Write out an exact copy of the line containing "Ekank Villa Homestay or Hotel" and all lines that follow it in the data below, leaving out pictures.

**Supplied material**
BEGIN
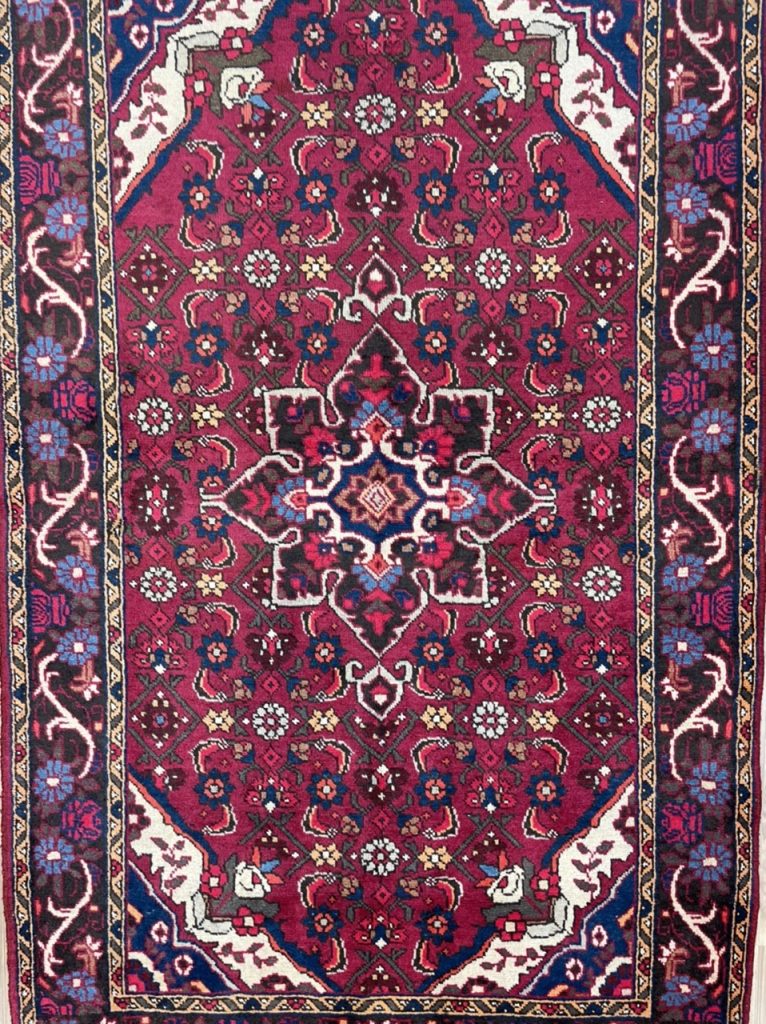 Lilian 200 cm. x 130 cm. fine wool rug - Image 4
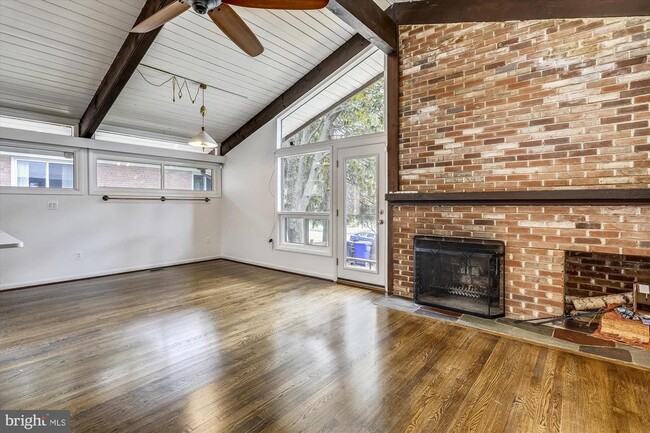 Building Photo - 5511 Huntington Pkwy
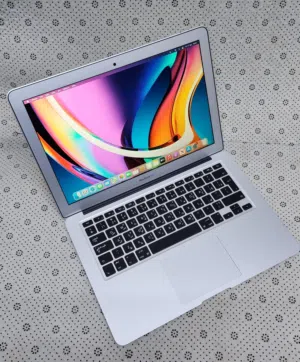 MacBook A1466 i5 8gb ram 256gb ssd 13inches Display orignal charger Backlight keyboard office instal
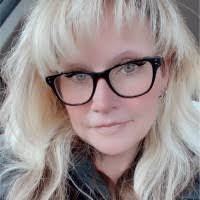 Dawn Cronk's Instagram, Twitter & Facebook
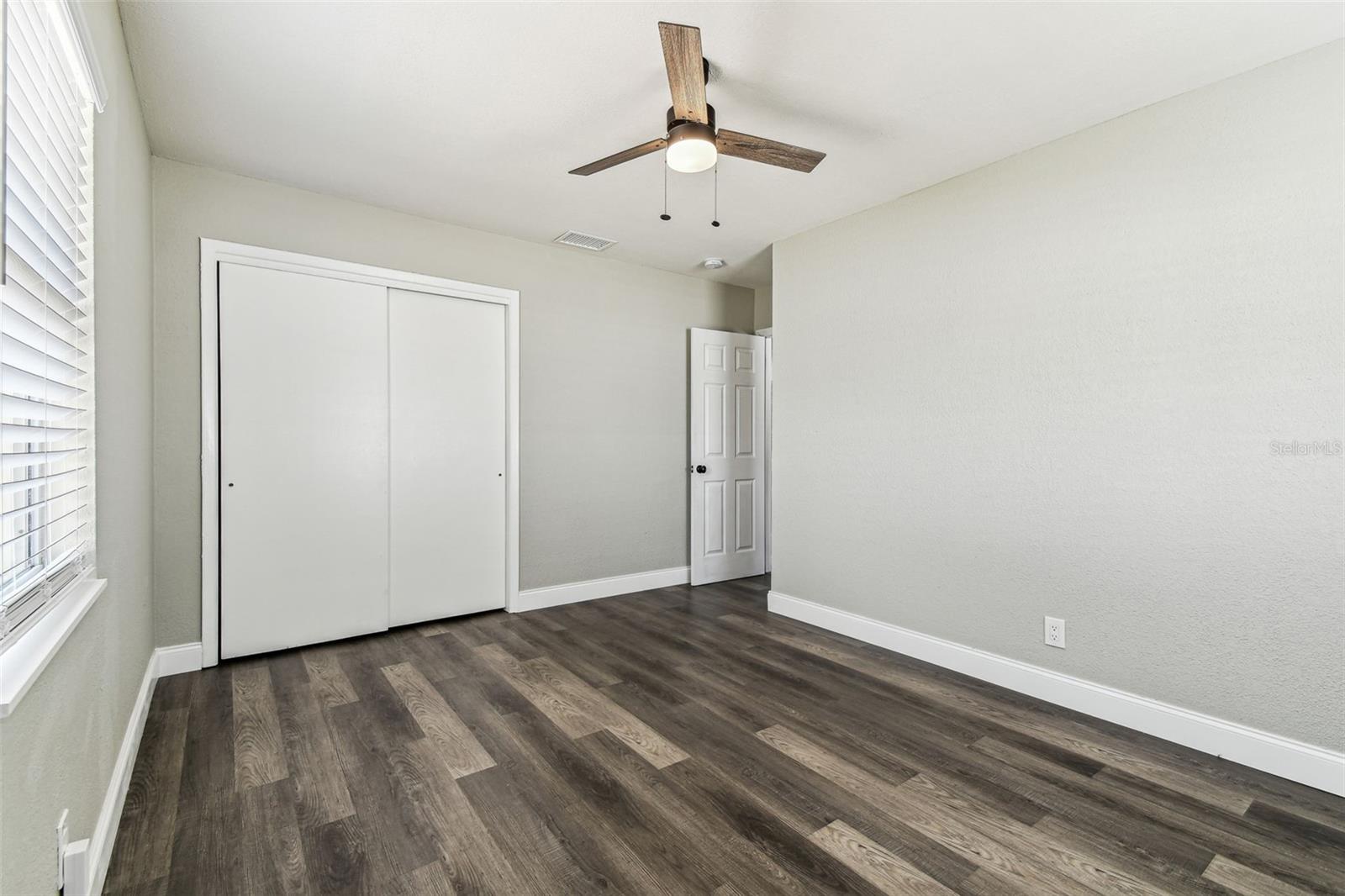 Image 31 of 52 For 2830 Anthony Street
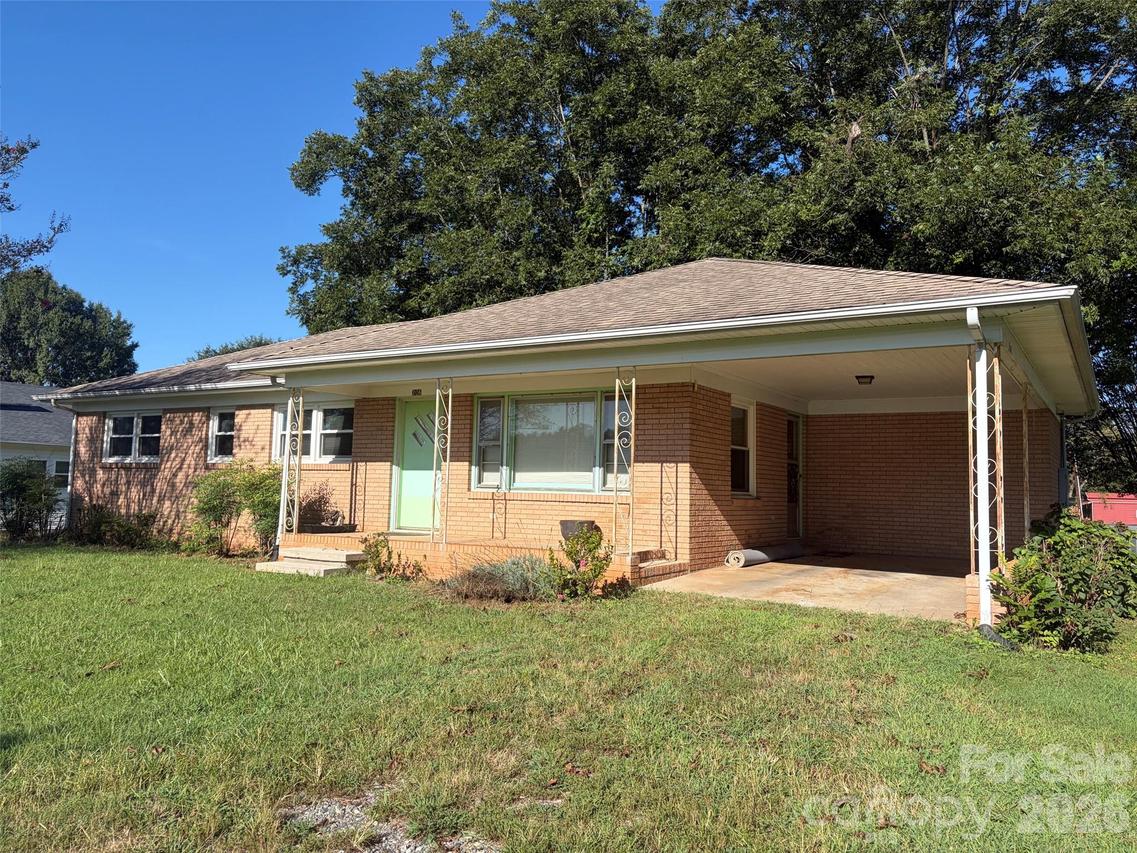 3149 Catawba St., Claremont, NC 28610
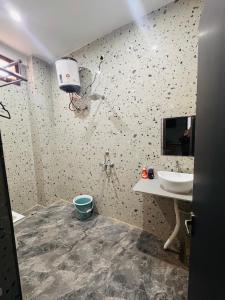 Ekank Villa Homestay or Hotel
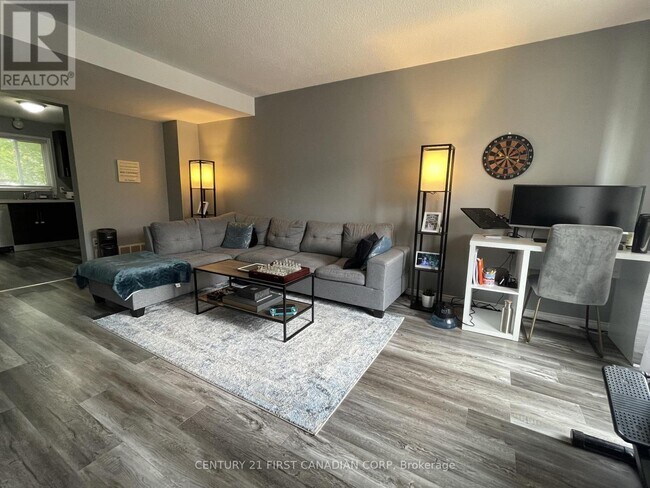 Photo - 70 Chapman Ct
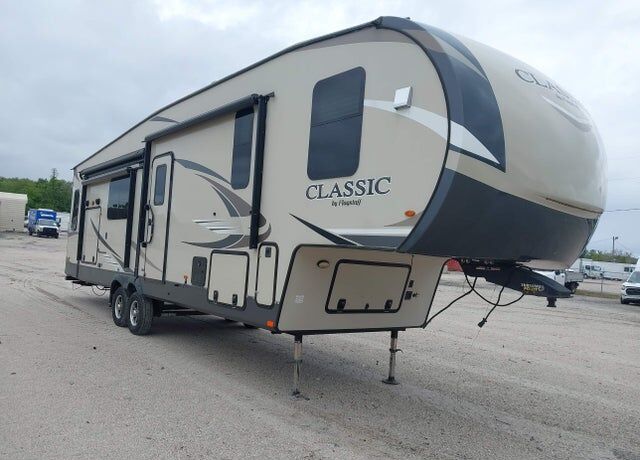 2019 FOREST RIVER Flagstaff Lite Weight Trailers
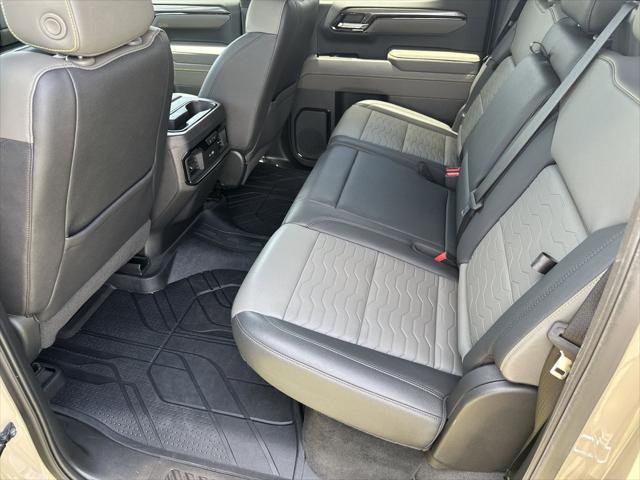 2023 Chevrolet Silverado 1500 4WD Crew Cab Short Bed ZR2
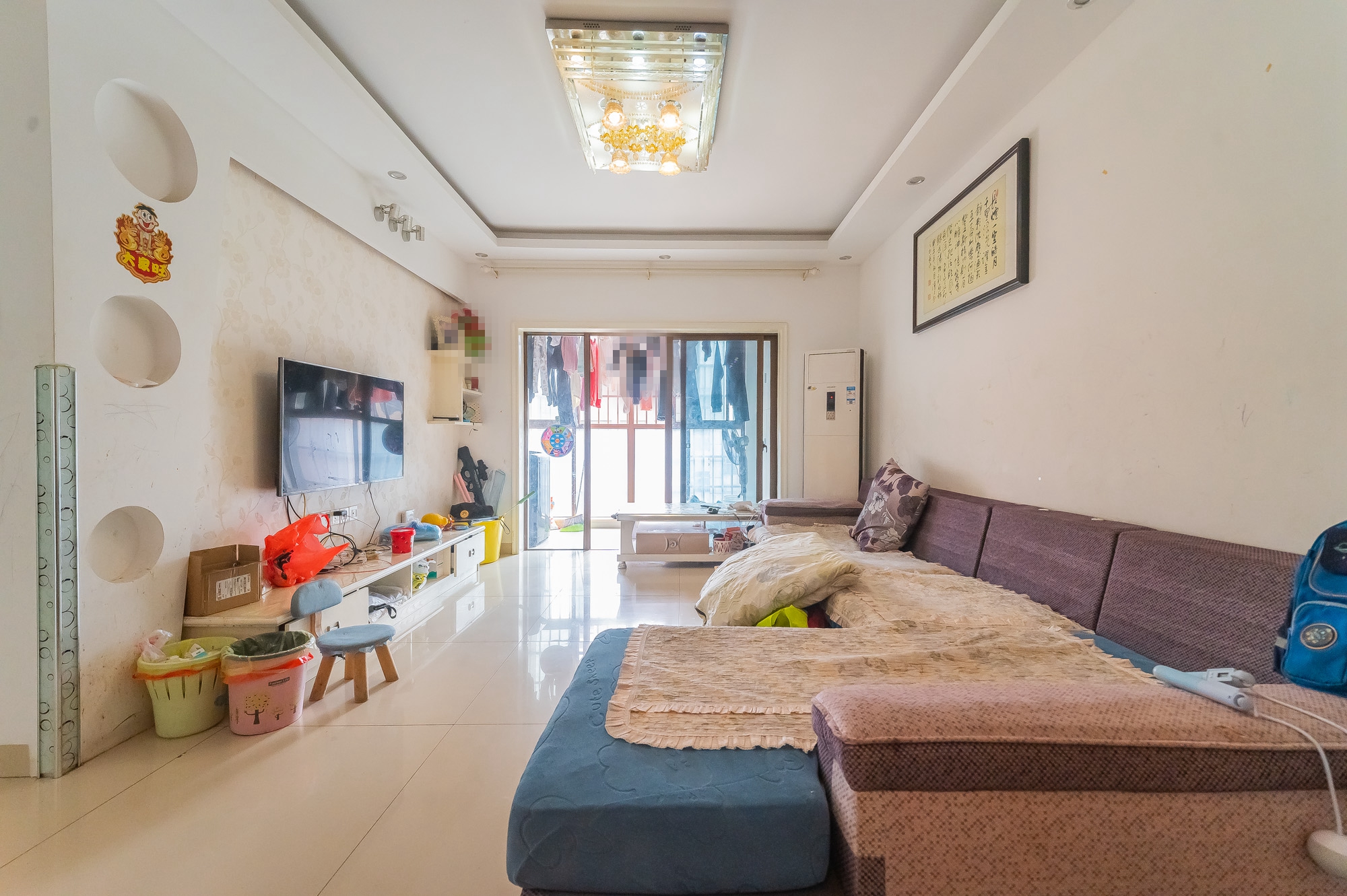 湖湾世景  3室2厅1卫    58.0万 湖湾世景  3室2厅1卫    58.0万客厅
END
**Response below**
 Ekank Villa Homestay or Hotel
 Photo - 70 Chapman Ct
 2019 FOREST RIVER Flagstaff Lite Weight Trailers
 2023 Chevrolet Silverado 1500 4WD Crew Cab Short Bed ZR2
 湖湾世景  3室2厅1卫    58.0万 湖湾世景  3室2厅1卫    58.0万客厅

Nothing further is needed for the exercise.